:: Supplied records ::

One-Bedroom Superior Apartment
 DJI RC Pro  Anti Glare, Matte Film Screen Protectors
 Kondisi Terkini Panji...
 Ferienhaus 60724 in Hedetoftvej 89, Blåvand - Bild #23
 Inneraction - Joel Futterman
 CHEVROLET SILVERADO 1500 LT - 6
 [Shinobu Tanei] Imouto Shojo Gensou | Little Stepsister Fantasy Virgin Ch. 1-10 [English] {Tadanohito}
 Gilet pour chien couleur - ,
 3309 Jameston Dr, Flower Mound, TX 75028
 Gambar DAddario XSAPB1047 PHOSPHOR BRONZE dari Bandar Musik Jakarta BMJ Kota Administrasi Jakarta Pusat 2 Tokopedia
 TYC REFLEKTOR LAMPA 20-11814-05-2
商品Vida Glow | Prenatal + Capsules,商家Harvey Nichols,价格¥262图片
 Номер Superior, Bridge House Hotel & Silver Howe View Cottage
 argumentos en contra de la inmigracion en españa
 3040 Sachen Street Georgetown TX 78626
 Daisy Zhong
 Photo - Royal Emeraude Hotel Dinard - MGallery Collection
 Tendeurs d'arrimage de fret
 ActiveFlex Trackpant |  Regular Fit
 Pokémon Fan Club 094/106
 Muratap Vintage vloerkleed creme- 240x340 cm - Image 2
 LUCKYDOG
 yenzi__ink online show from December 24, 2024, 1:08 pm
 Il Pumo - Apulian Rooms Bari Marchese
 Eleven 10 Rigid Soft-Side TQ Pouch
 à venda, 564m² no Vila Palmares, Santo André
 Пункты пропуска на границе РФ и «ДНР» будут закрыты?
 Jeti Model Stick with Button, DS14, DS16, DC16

:::

### Required action
All records shown above are to be repeated exactly.

### Task response
One-Bedroom Superior Apartment
 DJI RC Pro  Anti Glare, Matte Film Screen Protectors
 Kondisi Terkini Panji...
 Ferienhaus 60724 in Hedetoftvej 89, Blåvand - Bild #23
 Inneraction - Joel Futterman
 CHEVROLET SILVERADO 1500 LT - 6
 [Shinobu Tanei] Imouto Shojo Gensou | Little Stepsister Fantasy Virgin Ch. 1-10 [English] {Tadanohito}
 Gilet pour chien couleur - ,
 3309 Jameston Dr, Flower Mound, TX 75028
 Gambar DAddario XSAPB1047 PHOSPHOR BRONZE dari Bandar Musik Jakarta BMJ Kota Administrasi Jakarta Pusat 2 Tokopedia
 TYC REFLEKTOR LAMPA 20-11814-05-2
商品Vida Glow | Prenatal + Capsules,商家Harvey Nichols,价格¥262图片
 Номер Superior, Bridge House Hotel & Silver Howe View Cottage
 argumentos en contra de la inmigracion en españa
 3040 Sachen Street Georgetown TX 78626
 Daisy Zhong
 Photo - Royal Emeraude Hotel Dinard - MGallery Collection
 Tendeurs d'arrimage de fret
 ActiveFlex Trackpant |  Regular Fit
 Pokémon Fan Club 094/106
 Muratap Vintage vloerkleed creme- 240x340 cm - Image 2
 LUCKYDOG
 yenzi__ink online show from December 24, 2024, 1:08 pm
 Il Pumo - Apulian Rooms Bari Marchese
 Eleven 10 Rigid Soft-Side TQ Pouch
 à venda, 564m² no Vila Palmares, Santo André
 Пункты пропуска на границе РФ и «ДНР» будут закрыты?
 Jeti Model Stick with Button, DS14, DS16, DC16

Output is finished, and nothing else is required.